A discussion and brief typology (taxonomy) of links and maintenance of these.
You might already have read Cool URIs don't change (1) by Tim Berners-Lee. While he makes a fair point as to why cool URIs should not change it remains a fact that they do so - 24 hours a day and 365 days a year. And often there are fair reasons for this behaviour. Just like people in the real world will never be found on the same address forever and ever for a mulititude of reasons, pages on the WWW will not be found on the same addresses always.
Perhaps the WWW at large should be considered un-cool but then, if relocation, change, and termination is un-cool, so is real life. These issues are not likely to go away, and we just have to deal with it although we might desire something else.
So, if we can agree to the un-cool nature of the WWW and life in general, let's start being cool about it.

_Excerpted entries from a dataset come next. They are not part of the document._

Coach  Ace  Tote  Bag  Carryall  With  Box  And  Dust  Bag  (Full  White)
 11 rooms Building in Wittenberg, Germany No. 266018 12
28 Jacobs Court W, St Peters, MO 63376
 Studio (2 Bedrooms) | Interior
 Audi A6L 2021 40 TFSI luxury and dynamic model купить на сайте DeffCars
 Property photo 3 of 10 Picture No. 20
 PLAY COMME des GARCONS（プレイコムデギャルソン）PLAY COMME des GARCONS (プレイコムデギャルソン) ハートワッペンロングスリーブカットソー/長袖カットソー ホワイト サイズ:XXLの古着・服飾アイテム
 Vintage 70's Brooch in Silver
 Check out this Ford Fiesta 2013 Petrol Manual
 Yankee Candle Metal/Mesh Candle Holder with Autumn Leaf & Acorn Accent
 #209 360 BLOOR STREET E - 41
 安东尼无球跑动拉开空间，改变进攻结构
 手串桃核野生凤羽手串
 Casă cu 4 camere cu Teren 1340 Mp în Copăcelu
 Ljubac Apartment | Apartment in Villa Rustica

Before we decide what to do about it, we have to realize that links are not just links. A basic grouping might look like this:
But this is not all. Actually, there's seven different types of links (2) to manage, each being there for separate reasons, having separate possible problems, and requiring different actions.
The "easy parts" and those normally attended to by webmasters, are 1 and 2. These are the ones that are under the webmasters full control and can be changed any time. Webmasters normally also have a very high interest in 3 (and 6) due to the need to be found, and to rank well in search engines. There's even a term, "Link Development", that normally refers to type 3, or a combination of types 2+3 (reciprocal links; i link to you, you link to me).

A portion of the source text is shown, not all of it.